The day started off with a weather delay of approximately 45 minutes for the SLS' core stage fueling. Tanking operations officially began at 1:14 a.m. EDT. Everything went smoothly until the teams proceeded with liquid hydrogen fill. During the transition from slow fill to fast fill operations, they detected a leak.

The problem was quickly resolved, so they moved to the upper stage tanking. As the liquid oxygen was being loaded into the upper stage, NASA noticed a crack in the thermal protection system material on one of the core stage's flanges while loading liquid oxygen into the upper stage. However, it turned out to be a stress crack in the insulating foam rather than a structural one in the tank. So it managed to clear that out.

But the team has encountered another issue, which made them put the clock countdown on hold. They noticed that one of the engines was not bleeding properly. There are four RS-25 engines at the bottom of the core stage. All four bleed out liquid hydrogen and liquid oxygen when the launch team commands it.

Teams condition the engines by increasing pressure in the core stage tanks in order to bleed some cryogenic propellant into the engines and get them to the right temperature for liftoff. Engine no. 3 does not appear to be in sync with the other engines, so engineers are trying to raise the pressure in the bleed on engine no. 3.

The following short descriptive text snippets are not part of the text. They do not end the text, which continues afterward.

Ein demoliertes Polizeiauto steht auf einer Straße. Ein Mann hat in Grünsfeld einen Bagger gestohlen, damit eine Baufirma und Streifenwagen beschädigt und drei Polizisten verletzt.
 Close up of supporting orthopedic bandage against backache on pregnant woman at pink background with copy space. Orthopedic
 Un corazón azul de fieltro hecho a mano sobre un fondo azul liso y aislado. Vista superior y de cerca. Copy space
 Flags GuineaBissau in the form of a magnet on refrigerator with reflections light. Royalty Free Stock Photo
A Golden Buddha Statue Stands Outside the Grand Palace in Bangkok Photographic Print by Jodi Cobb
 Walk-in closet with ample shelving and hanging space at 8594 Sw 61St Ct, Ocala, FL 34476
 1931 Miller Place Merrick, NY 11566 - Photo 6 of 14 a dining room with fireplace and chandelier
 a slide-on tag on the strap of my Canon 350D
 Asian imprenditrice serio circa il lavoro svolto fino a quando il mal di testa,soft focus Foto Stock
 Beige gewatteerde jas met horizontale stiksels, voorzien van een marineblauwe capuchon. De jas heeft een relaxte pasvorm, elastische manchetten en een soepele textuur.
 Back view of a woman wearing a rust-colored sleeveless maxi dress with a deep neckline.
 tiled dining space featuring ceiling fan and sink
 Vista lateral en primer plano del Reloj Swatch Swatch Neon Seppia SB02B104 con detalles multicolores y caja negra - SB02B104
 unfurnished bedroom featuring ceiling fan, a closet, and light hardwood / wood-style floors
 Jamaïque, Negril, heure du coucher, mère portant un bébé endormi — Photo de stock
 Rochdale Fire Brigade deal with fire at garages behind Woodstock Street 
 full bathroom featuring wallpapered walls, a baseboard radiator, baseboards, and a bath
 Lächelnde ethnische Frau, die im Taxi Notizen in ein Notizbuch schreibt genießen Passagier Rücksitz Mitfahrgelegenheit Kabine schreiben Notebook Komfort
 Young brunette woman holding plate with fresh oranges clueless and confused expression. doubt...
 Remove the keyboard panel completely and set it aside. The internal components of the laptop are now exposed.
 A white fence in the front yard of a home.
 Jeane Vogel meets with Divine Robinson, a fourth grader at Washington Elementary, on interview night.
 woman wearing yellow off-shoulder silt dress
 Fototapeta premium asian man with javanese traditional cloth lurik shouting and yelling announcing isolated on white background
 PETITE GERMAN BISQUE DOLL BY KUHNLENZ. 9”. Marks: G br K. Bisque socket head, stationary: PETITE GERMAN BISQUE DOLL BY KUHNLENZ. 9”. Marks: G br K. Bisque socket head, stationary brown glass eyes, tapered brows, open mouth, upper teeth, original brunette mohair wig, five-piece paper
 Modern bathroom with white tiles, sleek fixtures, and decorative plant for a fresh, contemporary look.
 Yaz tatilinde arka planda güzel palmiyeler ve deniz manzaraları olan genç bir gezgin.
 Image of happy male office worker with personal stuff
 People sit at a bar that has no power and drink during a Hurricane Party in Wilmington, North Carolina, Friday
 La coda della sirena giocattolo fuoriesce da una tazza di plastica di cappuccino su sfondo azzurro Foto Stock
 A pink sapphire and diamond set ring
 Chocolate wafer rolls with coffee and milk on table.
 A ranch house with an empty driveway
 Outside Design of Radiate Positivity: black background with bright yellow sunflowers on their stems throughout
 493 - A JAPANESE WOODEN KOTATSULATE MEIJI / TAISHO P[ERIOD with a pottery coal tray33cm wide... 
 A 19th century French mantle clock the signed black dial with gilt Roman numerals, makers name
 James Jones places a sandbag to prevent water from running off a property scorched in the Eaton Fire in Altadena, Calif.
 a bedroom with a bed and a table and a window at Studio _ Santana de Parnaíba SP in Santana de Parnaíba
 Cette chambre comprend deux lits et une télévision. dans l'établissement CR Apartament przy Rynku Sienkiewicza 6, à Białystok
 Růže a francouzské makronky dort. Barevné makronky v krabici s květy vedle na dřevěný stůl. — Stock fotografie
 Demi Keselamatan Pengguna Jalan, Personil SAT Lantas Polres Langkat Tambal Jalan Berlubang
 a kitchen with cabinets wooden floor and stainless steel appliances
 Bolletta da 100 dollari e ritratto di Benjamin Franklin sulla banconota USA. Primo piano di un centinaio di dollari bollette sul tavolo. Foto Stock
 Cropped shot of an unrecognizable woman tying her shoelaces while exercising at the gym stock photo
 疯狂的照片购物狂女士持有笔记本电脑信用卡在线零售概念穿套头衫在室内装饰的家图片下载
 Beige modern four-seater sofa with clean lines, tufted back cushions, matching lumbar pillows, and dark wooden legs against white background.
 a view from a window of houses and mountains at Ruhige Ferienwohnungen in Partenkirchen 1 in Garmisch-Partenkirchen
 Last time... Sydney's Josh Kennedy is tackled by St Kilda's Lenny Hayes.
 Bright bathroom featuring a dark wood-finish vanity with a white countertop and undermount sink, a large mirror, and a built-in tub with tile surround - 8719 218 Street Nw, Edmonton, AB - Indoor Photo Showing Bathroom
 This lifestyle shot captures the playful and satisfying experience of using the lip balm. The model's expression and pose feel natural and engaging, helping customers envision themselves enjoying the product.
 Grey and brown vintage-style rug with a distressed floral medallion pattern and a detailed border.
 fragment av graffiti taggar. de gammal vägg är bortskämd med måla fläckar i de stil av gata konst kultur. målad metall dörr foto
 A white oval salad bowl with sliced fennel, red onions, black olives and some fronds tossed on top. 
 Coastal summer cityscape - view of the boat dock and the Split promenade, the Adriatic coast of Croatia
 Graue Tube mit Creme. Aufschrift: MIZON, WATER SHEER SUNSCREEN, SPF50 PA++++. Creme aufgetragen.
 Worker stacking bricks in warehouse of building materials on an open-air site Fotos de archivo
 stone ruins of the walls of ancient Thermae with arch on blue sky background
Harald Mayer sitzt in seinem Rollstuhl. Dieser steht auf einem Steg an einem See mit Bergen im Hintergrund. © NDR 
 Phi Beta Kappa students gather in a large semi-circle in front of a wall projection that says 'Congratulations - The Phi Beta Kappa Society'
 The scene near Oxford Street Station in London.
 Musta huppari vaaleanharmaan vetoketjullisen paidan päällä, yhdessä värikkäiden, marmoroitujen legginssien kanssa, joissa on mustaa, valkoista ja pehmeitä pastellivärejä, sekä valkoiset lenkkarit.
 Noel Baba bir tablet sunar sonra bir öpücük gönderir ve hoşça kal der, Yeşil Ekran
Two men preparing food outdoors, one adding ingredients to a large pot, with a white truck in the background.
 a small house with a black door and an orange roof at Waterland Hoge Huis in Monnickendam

NASA stopped the countdown at T-minus 40 minutes. Teams are currently discussing a troubleshooting plan. There are already several issues that NASA had to deal with ahead of the launch. Artemis I was initially scheduled to launch at 8:33 a.m. EDT from Launch Pad 39B at the Kennedy Space Center in Florida. The liftoff can be pushed back until 10:33 EDT, so hopefully, the agency will soon fix the engine problem. For more updates on the launch, check out our live coverage live text or watch NASA TV live streaming.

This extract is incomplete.